There will be puppy sweepstakes for puppies 6-18 months of age, broken into different age groups. There will be regular and non regular classes. If you print up the 'Premium' it will break down all the information for you. The classes just go one after the other.

It's a "cluster" of shows, meaning other clubs are going to be at the same location with shows Friday - Monday and the Golden club is "supporting" them, meaning they are going to ask members to stick around and enter their Goldens in the kennel club all breed shows. So you can go all weekend and see tons of other breeds and there will also be Goldens. THat one will have multiple rings going on but Goldens will only be in one ring. There will also be obedience and rally on the weekend.

Bring your chairs and I would bring a cooler. (food is available for sale usually but quality can be risky  ) You can bring a little wagon if you have a ton of stuff to carry since you may have to walk a fair distance from parking to the actual ringside area. It will be pretty obvious where people are working and grooming dogs so easy for you to stand off to the side and watch without getting in the way. Same thing with ring side seating, just set up and if you watch, you can figure out who seems to know what's going on and you can quietly ask questions if you're and outgoing person  People love to teach others who admit they want to learn, you'll be surprised if you ask how nice some people will be as long as they're not about to go into the ring.

There may be some vendors on Thursday with great stuff for sale, but it may not be till the weekend shows that all of them are set up and selling. It's a great shopping opportunity when there are big shows with multiple clubs like this one. YOu're going to have so much fun


----------



## ArkansasGold (Dec 7, 2017)

If you wait for the Judging Schedule to come out (it should be online at least a few days before the show), it will tell you how many dogs are entered. The numbers next to each breed indicate the number of "class" dogs, bitches, and the number of titled champion dogs and bitches.

For Example: 
Retrievers (Golden): 5, 8,- 2, 4 means 5 class dogs, 8 class bitches, 2 CH dogs, and 4 CH bitches (thanks @Prism Goldens, I totally stole that from one of your earlier posts) 

Each breed goes in one ring, although I think Sweeps classes can be in a different one (not entirely sure about that). I don't know exactly how the Sweepstakes classes work, just that it's usually only for owner-handled puppies and veterans (although handlers are sometimes allowed). The Judging Schedule will show which judges and breeds are in which ring and the approximate times. It won't tell you a specific time for each breed, but it will show a few times. Some breeds (like Goldens) can take HOURS to judge from beginning to end if there is a large entry. 

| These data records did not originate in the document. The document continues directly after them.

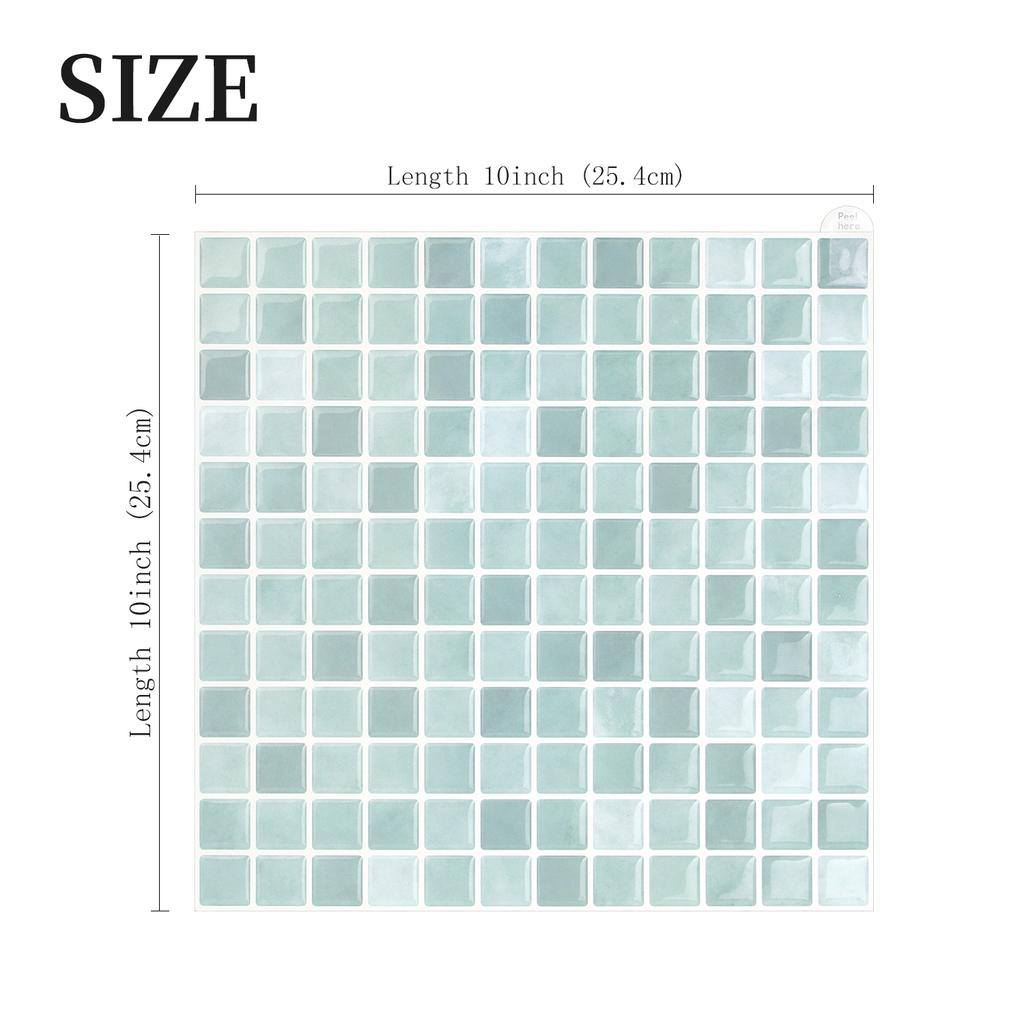 10pcs Strong Adhesive Peel&Stick Tile Stickers 3d Mosaic Vinyl Tiles Marble Wall Sticker Waterproof For Kitchen Bathroom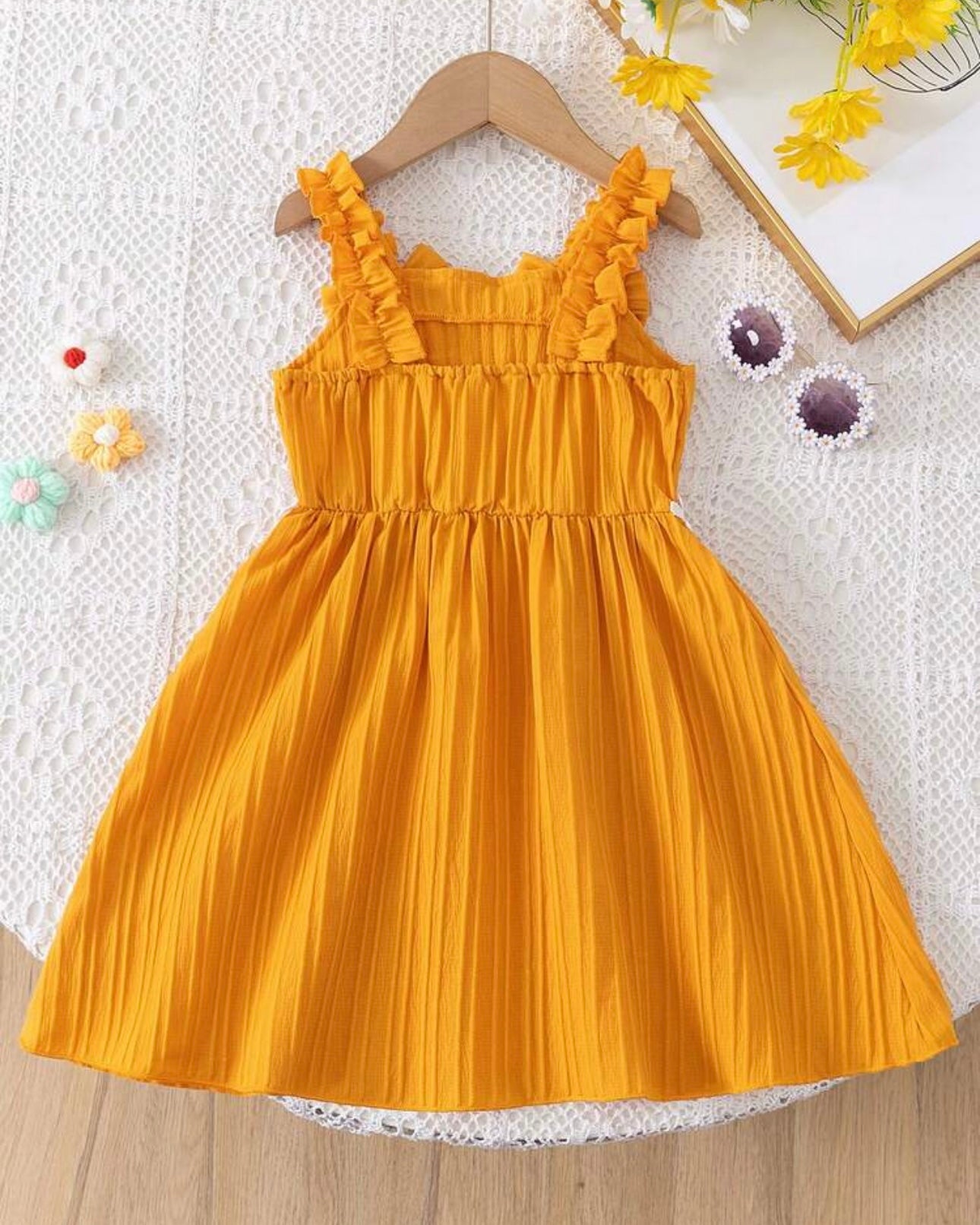 Striped 3D Bow Hollow Floral Wide Strap A-Line Dress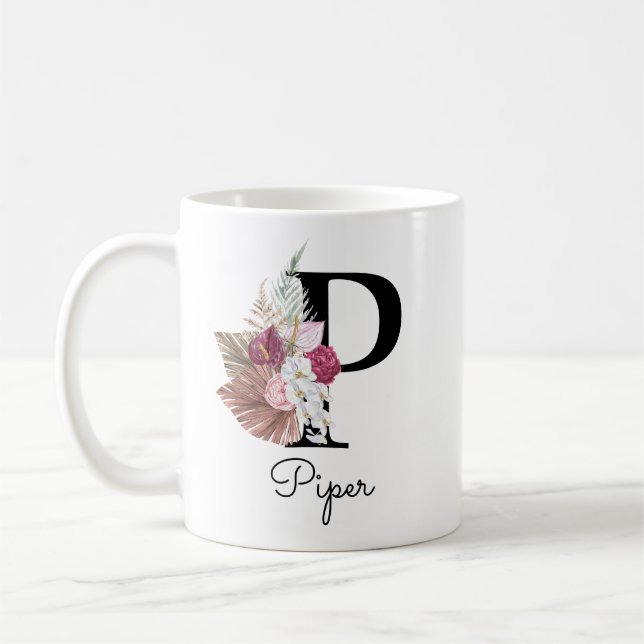 Caneca De Café Monograma Rosa Boho Floral Feminino Inicial P (Esquerda)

The classes for untitled dogs are as follows (not necessarily in order of how they are judged): 

6-9 months dogs
9-12 months dogs
12-18 months dogs
Open dogs
Bred-by-Exhibitor dogs
American Bred dogs

6-9 months bitches
9-12 months bitches
12-18 months bitches
Open bitches
Bred-by-Exhibitor bitches
American Bred bitches 

A "Winners Dog" (WD) is picked from the winners of all of the dog classes, and a "Winners Bitch" (WB) is picked from all of the winners of the bitch classes. These two both get points toward their championship. After Winners Dog and Bitch, you go to the Best of Breed competition which has all of the finished Champions and Grand Champions. The WD and WB compete against the finished CHs and GCHs. The awards at that point can be: Best of Breed (goes on to group), Best of Opposite Sex (to the Best of Breed), Best of Winners (winner between WD and WB), Select Dog, and Select Bitch. The WD or WB can also win BOB or BOS if they are really good. The Selects are for points toward the Grand Championship and can only be given to finished Champions. Hopefully someone else with more show experience can expand on this. 

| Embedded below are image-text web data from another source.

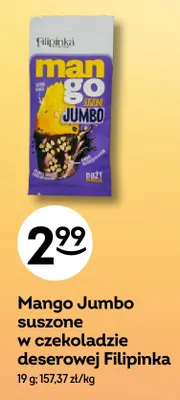 Mango Jumbo suszone w czekoladzie deserowej Filipinka promocja w Żabka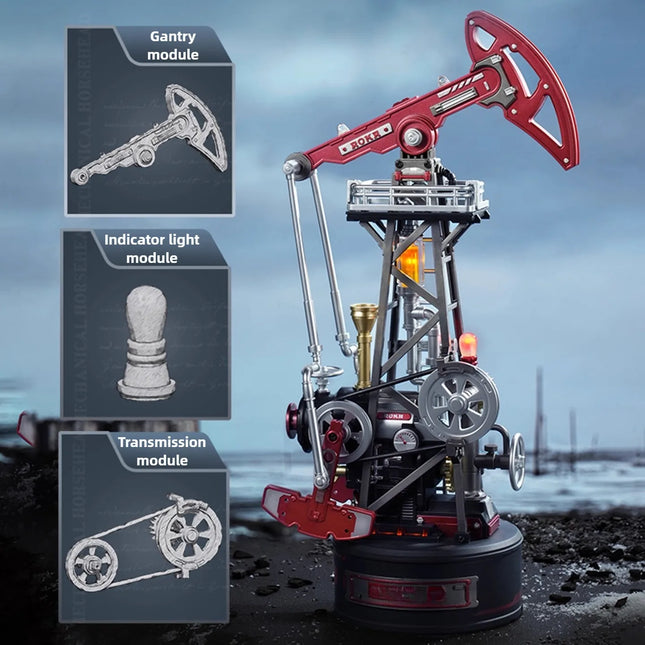 Oil Pumping Machine Model Assembly Kit 127PCS DIY Oil Rig Model with Lights Desktop Ornament Movable Model Assembly Kit Toy
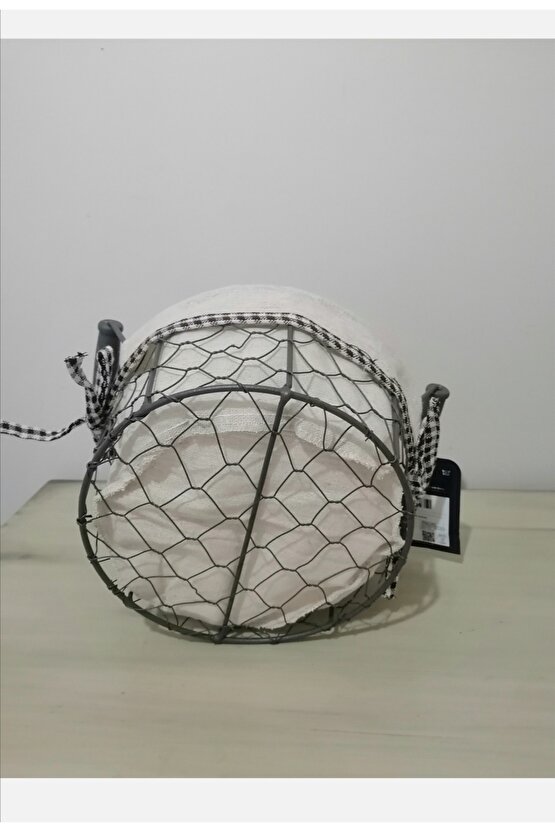 Aluna Metal Ekmek Sepeti 20 Cm Bej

If there is Obedience going on too, it will also be in the judging program with a few times for different classes and the ring number too. For Obedience and Rally, many of the upper level competitors have to enter multiple classes to go after upper level titles. Example: An Obedience person going for a UDX title has to enter both the Open B and Utility B classes, so clubs offer a discount on the second entry to the same trial. Rally is the same way. Often Obedience and Conformation can have the same event number with AKC, which is where the discounted second entry comes from. Rally usually has a different event number and therefore can have different entry fees in the premium list. Anyone going for the RACH title has to enter three classes in the same day (Master, Excellent, and Advanced). I'm not entirely sure if there's a discount on the second entry if you enter conformation and obedience at the same time under the same event number. I want to think that it only applies to entering multiple obedience classes. 

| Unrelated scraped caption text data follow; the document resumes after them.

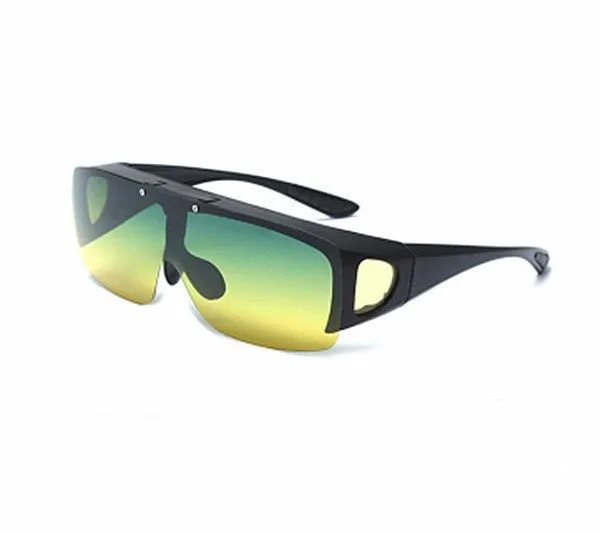 One-piece polarised sunglasses with myopia correction and multiple interchangeable coloured lens sheets laid out.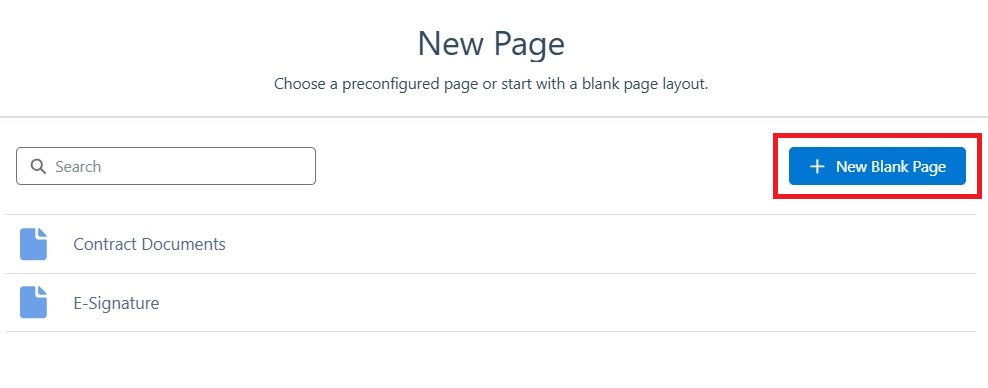 Click New Blank Page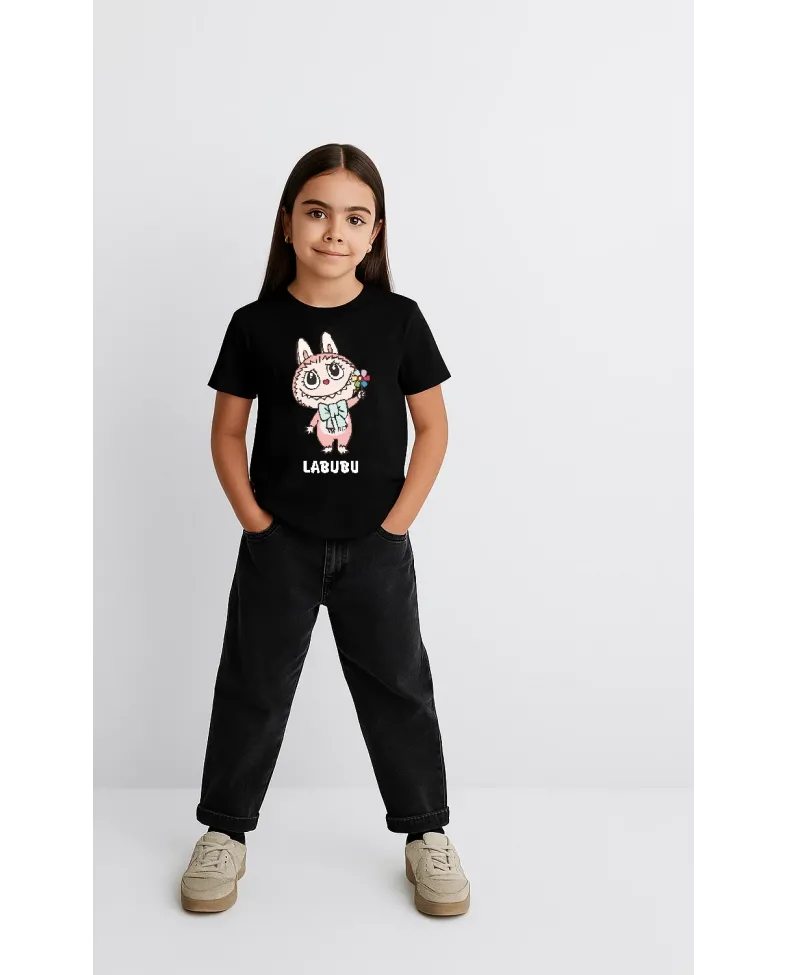 Kız Labubu Çocuk Baskılı T-Shirt - Siyah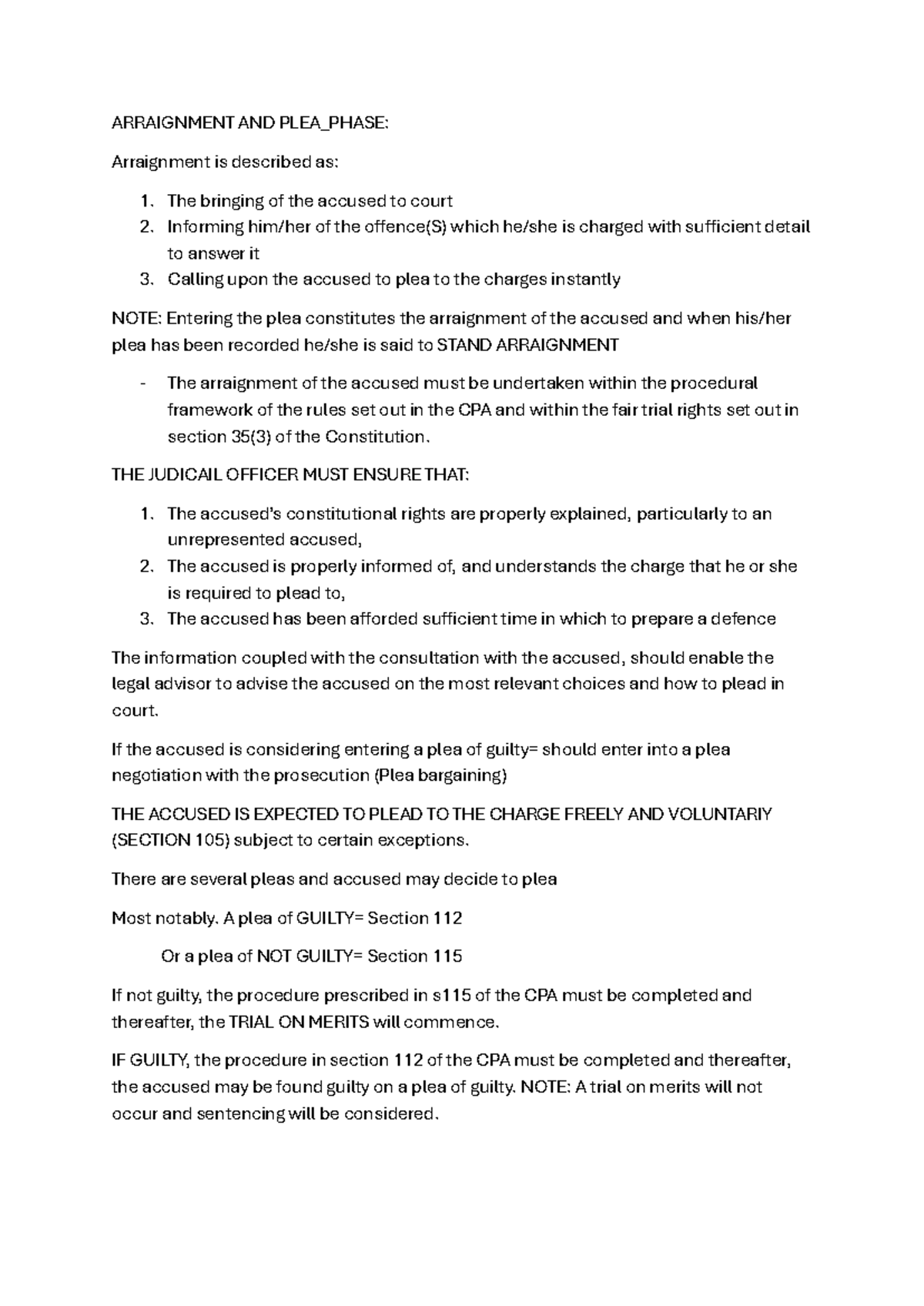 Criminal Procedure: Arraignment and Plea Process Explained - Studocu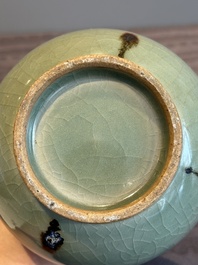A Chinese russet-splashed Longquan celadon garlic-mouth vase, Yuan/Ming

If you want to watch up close, don't bring your dog with you (dogs not in any competition at all are not usually allowed anyway). Big shows will have chairs out, but it is definitely ok to bring your own. Set it up next to other chairs outside of the ring and you will be fine. Don't be scared to talk to people. You will be able to tell which spectators have a dog in the ring during any given class. As long as their dog is not trotting around, they usually don't mind talking to people. I have personally met several breeders just by sitting ringside and plucking up the courage to talk to people.  One breeder I met started a chain of meeting people that led me to find my Rally trainers! Good luck and have fun!


----------



## Megora (Jun 7, 2010)

I'd send an email out to the super sometime next week to see if she can send you a judging program. If it's not posted on infodog or the club website by then. 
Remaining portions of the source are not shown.